INPUT FOR THIS TASK
━━━━━━━━
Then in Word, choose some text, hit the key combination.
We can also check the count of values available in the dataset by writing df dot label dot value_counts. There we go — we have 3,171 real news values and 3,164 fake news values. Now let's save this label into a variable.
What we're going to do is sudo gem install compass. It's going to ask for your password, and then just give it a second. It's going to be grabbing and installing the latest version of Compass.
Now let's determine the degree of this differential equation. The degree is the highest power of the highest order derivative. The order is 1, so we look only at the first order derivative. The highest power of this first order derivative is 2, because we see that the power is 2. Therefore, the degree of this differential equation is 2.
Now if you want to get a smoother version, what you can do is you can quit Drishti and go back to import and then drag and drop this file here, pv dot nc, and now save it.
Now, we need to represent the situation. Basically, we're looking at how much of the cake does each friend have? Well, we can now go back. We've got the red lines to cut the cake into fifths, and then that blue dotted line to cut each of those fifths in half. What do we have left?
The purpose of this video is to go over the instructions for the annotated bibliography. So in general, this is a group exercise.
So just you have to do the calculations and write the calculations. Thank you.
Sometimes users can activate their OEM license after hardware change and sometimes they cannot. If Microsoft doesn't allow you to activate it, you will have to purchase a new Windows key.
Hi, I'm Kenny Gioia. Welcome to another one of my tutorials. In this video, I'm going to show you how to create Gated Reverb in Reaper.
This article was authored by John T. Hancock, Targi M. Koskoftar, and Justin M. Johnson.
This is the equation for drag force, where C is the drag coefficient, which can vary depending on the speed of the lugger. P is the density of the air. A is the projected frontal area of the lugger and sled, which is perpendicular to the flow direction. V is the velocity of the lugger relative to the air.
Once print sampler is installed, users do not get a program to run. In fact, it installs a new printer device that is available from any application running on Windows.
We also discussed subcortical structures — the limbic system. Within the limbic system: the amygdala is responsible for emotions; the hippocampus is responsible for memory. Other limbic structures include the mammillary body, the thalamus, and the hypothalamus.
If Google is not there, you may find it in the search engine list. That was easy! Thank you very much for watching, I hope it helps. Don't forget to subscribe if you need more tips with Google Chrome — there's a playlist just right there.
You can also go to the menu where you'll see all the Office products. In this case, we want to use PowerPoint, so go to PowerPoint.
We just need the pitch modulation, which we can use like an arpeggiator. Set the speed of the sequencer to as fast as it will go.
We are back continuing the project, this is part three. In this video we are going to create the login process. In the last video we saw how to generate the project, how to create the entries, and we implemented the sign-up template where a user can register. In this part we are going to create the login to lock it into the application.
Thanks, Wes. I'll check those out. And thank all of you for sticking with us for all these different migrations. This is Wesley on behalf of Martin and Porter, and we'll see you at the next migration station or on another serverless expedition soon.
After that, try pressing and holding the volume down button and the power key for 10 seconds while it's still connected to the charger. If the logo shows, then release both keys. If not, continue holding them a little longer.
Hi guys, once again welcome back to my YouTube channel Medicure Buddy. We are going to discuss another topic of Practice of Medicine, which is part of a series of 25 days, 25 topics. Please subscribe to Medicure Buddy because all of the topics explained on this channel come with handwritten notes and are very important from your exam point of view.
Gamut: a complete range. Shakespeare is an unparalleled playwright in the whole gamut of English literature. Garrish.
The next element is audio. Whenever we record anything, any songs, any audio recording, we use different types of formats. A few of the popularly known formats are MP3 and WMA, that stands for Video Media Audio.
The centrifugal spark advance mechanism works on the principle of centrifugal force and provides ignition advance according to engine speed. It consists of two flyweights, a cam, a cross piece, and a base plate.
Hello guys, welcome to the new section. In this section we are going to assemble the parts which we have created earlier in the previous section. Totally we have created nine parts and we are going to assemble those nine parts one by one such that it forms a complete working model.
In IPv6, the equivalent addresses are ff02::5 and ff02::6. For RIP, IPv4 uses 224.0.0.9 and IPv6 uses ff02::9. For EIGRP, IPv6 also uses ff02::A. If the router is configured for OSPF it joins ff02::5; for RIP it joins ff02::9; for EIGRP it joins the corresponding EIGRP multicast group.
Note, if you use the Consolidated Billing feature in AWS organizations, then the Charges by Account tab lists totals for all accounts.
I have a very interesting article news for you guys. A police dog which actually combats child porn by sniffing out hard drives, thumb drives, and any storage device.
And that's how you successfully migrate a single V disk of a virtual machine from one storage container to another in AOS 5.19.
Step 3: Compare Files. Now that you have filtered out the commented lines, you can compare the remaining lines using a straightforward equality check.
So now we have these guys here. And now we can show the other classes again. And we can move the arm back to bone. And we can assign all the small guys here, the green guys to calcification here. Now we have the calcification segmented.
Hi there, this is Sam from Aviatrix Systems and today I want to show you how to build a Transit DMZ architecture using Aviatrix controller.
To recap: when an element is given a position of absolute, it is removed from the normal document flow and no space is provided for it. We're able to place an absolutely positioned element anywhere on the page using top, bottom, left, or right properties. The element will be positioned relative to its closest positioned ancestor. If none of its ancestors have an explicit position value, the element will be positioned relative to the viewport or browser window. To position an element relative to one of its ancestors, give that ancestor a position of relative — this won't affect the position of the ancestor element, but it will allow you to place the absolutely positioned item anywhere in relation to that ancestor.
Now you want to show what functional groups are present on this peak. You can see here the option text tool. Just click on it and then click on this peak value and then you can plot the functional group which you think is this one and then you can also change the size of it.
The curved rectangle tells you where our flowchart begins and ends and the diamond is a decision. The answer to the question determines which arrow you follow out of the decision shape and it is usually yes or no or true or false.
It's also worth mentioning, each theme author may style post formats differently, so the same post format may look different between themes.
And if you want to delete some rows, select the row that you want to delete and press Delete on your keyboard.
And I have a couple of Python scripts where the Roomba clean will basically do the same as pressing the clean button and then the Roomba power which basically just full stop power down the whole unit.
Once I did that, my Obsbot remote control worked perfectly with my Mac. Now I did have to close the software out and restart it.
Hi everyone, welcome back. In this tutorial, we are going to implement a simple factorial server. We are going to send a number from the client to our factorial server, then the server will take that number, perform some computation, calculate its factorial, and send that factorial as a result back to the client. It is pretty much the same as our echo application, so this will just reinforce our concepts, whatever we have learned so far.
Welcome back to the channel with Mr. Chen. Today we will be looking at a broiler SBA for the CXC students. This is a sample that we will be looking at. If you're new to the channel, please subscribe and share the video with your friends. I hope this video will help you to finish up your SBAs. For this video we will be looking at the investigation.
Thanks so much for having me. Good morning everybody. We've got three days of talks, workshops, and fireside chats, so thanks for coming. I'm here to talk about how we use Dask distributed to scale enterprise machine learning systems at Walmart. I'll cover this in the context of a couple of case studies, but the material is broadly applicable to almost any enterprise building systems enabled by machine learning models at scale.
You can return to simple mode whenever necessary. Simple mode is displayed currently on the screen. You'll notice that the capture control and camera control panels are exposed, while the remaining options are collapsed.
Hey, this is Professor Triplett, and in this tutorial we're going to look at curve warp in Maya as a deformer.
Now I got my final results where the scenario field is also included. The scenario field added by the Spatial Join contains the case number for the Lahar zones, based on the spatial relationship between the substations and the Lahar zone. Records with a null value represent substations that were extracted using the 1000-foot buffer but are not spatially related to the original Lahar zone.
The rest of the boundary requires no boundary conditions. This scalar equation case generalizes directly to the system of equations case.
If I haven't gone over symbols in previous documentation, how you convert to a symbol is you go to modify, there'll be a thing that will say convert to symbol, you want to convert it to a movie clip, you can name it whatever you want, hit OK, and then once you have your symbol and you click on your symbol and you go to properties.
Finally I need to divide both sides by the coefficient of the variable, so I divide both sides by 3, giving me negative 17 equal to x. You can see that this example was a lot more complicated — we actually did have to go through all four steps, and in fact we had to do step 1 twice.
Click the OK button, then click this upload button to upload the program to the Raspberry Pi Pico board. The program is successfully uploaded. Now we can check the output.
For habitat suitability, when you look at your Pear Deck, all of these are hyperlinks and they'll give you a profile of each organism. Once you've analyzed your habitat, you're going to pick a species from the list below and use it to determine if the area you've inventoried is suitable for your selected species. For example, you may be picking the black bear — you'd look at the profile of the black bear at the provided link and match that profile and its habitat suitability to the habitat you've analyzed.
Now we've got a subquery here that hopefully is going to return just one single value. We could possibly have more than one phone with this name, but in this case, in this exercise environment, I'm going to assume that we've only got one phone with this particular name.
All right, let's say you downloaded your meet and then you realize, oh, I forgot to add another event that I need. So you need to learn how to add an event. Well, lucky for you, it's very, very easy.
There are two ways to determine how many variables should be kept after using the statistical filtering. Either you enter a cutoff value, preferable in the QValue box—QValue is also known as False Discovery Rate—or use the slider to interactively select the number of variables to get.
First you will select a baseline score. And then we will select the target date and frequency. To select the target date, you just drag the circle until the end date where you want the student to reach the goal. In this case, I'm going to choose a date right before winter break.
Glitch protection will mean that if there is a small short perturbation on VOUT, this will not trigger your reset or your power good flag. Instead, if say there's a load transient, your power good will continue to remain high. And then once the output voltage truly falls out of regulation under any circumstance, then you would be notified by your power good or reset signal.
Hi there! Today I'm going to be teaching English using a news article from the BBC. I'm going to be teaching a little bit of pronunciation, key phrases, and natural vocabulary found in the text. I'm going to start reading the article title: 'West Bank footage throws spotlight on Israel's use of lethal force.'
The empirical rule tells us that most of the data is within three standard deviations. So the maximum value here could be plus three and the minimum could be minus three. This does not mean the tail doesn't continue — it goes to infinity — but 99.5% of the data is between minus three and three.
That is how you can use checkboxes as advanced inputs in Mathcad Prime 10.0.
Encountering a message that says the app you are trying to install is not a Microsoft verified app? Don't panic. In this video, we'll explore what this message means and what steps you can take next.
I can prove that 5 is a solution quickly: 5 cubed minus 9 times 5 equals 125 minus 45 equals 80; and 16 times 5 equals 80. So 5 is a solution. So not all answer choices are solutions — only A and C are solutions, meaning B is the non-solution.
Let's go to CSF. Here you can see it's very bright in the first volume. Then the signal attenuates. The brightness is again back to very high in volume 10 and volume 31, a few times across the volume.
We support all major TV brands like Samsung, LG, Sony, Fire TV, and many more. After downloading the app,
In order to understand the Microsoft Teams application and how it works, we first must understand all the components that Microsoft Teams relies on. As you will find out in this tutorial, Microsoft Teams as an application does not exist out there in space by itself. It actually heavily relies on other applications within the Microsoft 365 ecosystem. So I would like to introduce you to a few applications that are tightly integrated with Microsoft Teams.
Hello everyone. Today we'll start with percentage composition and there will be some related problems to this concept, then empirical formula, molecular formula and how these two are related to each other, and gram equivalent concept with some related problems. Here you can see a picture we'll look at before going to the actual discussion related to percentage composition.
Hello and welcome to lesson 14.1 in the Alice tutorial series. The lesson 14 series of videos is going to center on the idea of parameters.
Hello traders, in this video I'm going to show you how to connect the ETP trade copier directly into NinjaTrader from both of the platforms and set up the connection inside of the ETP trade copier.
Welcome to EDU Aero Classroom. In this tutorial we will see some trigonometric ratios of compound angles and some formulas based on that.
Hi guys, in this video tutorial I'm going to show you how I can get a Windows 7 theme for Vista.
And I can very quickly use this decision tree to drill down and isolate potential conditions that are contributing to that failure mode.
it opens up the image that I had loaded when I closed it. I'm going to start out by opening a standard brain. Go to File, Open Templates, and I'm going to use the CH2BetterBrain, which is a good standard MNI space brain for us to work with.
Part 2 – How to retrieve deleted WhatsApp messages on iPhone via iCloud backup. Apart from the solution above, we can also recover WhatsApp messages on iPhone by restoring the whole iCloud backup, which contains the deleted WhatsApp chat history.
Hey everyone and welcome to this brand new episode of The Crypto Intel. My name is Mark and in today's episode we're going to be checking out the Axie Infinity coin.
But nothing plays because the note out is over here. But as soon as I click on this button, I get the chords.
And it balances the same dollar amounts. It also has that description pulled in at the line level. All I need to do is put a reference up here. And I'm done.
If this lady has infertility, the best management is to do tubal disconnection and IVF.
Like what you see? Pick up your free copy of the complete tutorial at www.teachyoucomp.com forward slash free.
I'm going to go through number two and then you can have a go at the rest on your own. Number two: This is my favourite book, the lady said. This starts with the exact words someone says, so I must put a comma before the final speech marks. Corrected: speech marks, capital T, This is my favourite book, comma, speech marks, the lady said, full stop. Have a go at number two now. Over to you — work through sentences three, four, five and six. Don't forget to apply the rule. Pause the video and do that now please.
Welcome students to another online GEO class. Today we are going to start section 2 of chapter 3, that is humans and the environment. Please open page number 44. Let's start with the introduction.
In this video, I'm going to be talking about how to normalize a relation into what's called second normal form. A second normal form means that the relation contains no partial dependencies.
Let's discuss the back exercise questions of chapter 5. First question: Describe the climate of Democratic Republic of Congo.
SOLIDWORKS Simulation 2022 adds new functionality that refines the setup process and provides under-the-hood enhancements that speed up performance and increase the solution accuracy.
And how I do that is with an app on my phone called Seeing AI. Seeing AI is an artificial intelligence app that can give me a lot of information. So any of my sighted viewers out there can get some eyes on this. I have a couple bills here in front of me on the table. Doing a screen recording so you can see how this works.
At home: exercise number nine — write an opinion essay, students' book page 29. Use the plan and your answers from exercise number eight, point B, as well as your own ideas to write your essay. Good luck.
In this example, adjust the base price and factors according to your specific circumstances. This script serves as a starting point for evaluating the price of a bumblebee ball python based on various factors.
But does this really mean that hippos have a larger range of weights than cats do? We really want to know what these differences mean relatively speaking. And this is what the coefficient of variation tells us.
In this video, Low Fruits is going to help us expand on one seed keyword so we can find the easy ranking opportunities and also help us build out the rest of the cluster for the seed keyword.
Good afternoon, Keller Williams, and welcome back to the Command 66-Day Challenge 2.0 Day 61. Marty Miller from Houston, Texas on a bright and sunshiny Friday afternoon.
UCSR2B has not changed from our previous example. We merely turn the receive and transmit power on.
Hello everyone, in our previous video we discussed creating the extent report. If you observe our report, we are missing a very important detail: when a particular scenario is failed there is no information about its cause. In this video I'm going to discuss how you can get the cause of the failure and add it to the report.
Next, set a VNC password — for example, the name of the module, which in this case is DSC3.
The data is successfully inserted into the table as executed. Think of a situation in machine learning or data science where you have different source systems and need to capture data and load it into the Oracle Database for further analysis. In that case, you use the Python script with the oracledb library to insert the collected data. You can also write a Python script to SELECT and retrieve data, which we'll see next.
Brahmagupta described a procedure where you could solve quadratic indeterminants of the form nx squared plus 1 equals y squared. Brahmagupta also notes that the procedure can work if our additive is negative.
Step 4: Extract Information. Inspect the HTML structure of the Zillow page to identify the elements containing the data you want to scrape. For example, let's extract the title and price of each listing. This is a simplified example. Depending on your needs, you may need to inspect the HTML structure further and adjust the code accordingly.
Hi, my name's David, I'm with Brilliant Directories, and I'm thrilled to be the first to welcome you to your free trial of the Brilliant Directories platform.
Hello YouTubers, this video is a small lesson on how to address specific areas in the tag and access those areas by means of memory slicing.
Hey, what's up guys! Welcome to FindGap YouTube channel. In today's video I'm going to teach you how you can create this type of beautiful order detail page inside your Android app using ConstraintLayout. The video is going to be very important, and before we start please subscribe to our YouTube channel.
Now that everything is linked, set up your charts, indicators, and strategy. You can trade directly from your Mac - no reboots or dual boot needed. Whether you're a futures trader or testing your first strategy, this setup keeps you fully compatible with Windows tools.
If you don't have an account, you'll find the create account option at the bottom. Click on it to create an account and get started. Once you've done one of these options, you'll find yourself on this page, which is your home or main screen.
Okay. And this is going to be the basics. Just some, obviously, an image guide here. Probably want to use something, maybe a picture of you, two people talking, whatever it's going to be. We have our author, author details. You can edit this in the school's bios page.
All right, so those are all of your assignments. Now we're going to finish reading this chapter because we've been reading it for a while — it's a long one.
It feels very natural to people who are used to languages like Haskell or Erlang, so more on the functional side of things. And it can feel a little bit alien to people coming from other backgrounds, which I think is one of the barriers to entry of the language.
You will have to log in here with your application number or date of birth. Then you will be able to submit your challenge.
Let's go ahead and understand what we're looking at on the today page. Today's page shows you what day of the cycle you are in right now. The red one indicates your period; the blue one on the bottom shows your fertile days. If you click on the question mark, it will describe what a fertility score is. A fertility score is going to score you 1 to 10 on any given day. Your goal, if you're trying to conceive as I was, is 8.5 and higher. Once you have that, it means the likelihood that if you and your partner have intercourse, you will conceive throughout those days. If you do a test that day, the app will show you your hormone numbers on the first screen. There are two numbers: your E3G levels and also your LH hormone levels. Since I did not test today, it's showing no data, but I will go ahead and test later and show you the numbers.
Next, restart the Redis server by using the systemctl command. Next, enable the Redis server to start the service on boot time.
━━━━━━━━
TO DO
Show every line from the entries above in which the word "restart" appears.

SOLUTION
Once I did that, my Obsbot remote control worked perfectly with my Mac. Now I did have to close the software out and restart it.
Next, restart the Redis server by using the systemctl command. Next, enable the Redis server to start the service on boot time.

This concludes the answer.